Más allá de esta cuestión, el Papa también se adentró en la reforma eclesial que está emprendiendo, con la vista puesta en la segunda vuelta del Sínodo de la Sinodalidad, que arrancará la semana que viene en Roma. “El proceso sinodal debe ser un retorno al Evangelio, no debe haber entre las prioridades alguna reforma que vaya ‘a la moda’, sino más bien cuestionarse”, remarcó. A la vez, lanzó una pregunta a su auditorio: “¿Cómo podemos hacer llegar el Evangelio a una sociedad que ya no lo escucha o que se aleja de la fe? Preguntémonos todos”.
Crisis de la fe
En medio de este proceso, Francisco elogió a la Iglesia belga por ser una “Iglesia en movimiento”. “Los cambios de nuestra época y la crisis de la fe que experimentamos en occidente nos han impulsado a regresar a lo esencial, es decir, al Evangelio, para que a todos se anuncie nuevamente la buena noticia que Jesús trajo al mundo”, compartió con los católicos presentes en la basílica, consciente de que “hemos pasado de un cristianismo establecido en un marco social acogedor, a un cristianismo ‘de minorías’ o, mejor dicho, de testimonio”.
Por ello, reclamó, tanto de los consagrados como de los laicos, “la valentía de una conversión eclesial, para comenzar esas transformaciones pastorales que tienen que ver incluso con las costumbres, los modelos, los lenguajes de la fe, para que estén realmente al servicio de la evangelización”.

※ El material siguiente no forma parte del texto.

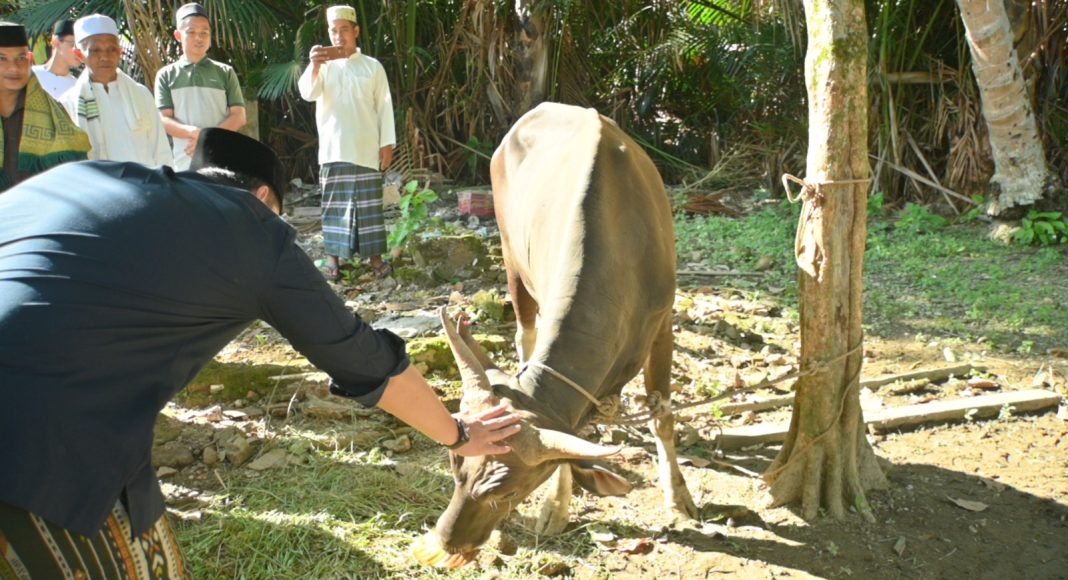 Iduladha 1447 H, Bupati M. Syukur Salurkan Enam Ekor Sapi Kurban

Fue en este punto de su discurso, cuando el Papa fue ovacionado una vez más. En concreto, los fieles presentes en el templo le interrumpieron cuando reivindicó una comunidad integradora e inclusiva: “En la Iglesia hay lugar para todos y ninguno debe ser fotocopia de nadie”. “La unidad en la Iglesia no es uniformidad, se trata más bien de encontrar la armonía en la diversidad”, remató.